Whether any of this spending will result in new laws before the end of the summer is unclear.

The shocking resignation of the state attorney general Eric Schneiderman and the state Legislature’s politically fraught responsibility to pick his successor is a distraction that could force the Legislature to postpone discussions on home share regulation to next year’s budget, Albany sources say.

Elected officials have struggled to limit the growth of sharing apps in the past. In 2015, there was a dramatic battle that foreshadowed the current fracas: de Blasio tried to pass a temporary cap on new ride-hail vehicles so the city could study its effect on traffic congestion. But his efforts hit a roadblock when Uber launched a TV campaign to thwart the effort while its lobbyists flooded City Hall to flip council members against the bill.

The battle that followed set the template New York’s sharing economy wars have followed since, in which the threatened tech giant brings overwhelming force down on its opponent. These companies employ the hard-nosed approach typical of New York politics – funneling tens of thousands of dollars into influential politicians’ campaign accounts while organizing rallies, placing editorials and meeting with government regulators – on steroids.

Also typical of New York politics is the way that elected officials line up for stakeholders based on political alliances and rivalries rather than ideology. De Blasio went to bat for the taxi lobby which dumped $550,000 into his first mayoral campaign. His enemies and potential mayoral aspirants, also liberals, sought to distinguish themselves from de Blasio and appeal to riders – who far outnumber cab drivers or medallion owners.

Uber even installed a fake “de Blasio” feature on its app to show millions of customers who rely on the service how long they would have to wait for a car if the mayor got his way.

City Council Speaker Melissa Mark-Viverito rejected the mayor’s idea while other pols – including de Blasio’s past, current and potential future competitors Stringer, Rep. Hakeem Jeffries, Bronx Borough President Ruben Diaz, Jr. and Gov. Andrew Cuomo – praised Uber as an innovative company.

This spring, New York City Council members are also considering a package of bills requiring a new license category for ride-hailing apps, which the Taxi and Limousine Commission would regulate, with a cap of 1,000 licensed for-hire vehicles for each base, while also forcing drivers to choose one ride-sharing company instead of toggling among competitors, and ensuring for-hire drivers make at least minimum wage.

Taxi advocates are confident the council will take additional action to regulate the companies.“These are measures designed to protect the workforce, protect drivers, who are cobbling together a living,” said Michael Woloz, a de Blasio bundler and spokesperson for the Metropolitan Taxicab Board of Trade, a yellow taxicab advocacy organization. “They really needed to get passed yesterday.”

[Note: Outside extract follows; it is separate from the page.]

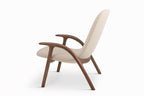 Seitenansicht des ALPHA Loungesessels von GoEs mit geschwungenen Armlehnen aus Holz und hellen Polsterungen
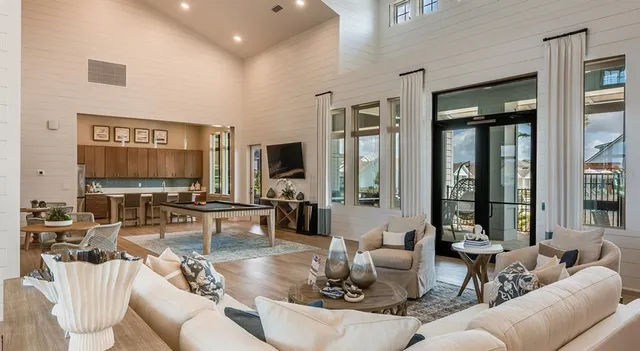 a living room with furniture flat screen tv and large window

Bronx Councilman Ruben Diaz, Sr., who leads the City Council For-Hire Vehicle Committee, promised in late April to remove a provision requiring drivers to pay a $2,000 annual fee. “The City Council should ensure that any bill does not harm the millions of New Yorkers outside of Manhattan who have grown to rely on apps like Uber because they have been ignored by yellow taxi and underserved by mass transit,” said Uber spokeswoman Alix Anfang.

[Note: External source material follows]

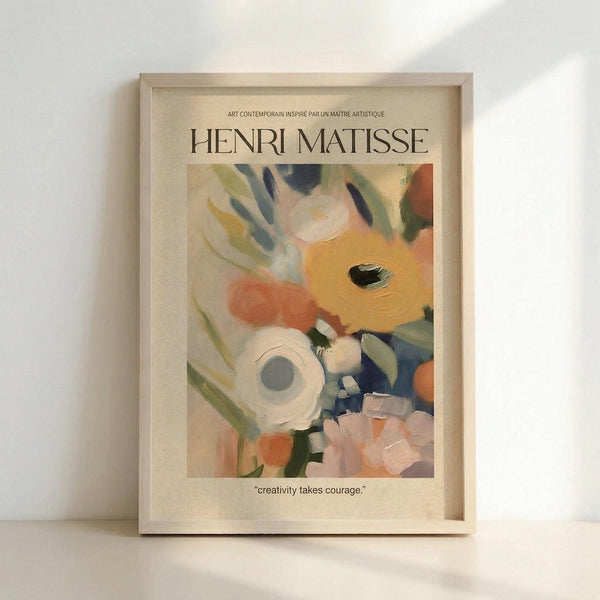 May include: Framed art print featuring abstract floral painting in soft watercolor style with yellow, coral, white and blue blooms against cream background. Text reads "Henri Matisse" at top and "creativity takes courage" at bottom. Light wood frame displayed on white surface against white wall with natural lighting creating gentle shadows.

The council may not tackle rideshare bills until the city budget passes and an agreement with the mayor’s office can be reached.

But the door to regulation has been opened: State lawmakers passed legislation last April allowing ride-sharing companies to operate upstate and they slipped a $2.75 surcharge on trips for Uber and Lyft into this year’s budget.

Lawmakers will undoubtedly wrestle more with the policy issues raised by the sharing economy in the future.

Correction: This article originally stated that Councilman Diaz, Sr. had already removed the annual fee provision from the for-hire vehicles bill. Although he said that he will, he has not yet done so.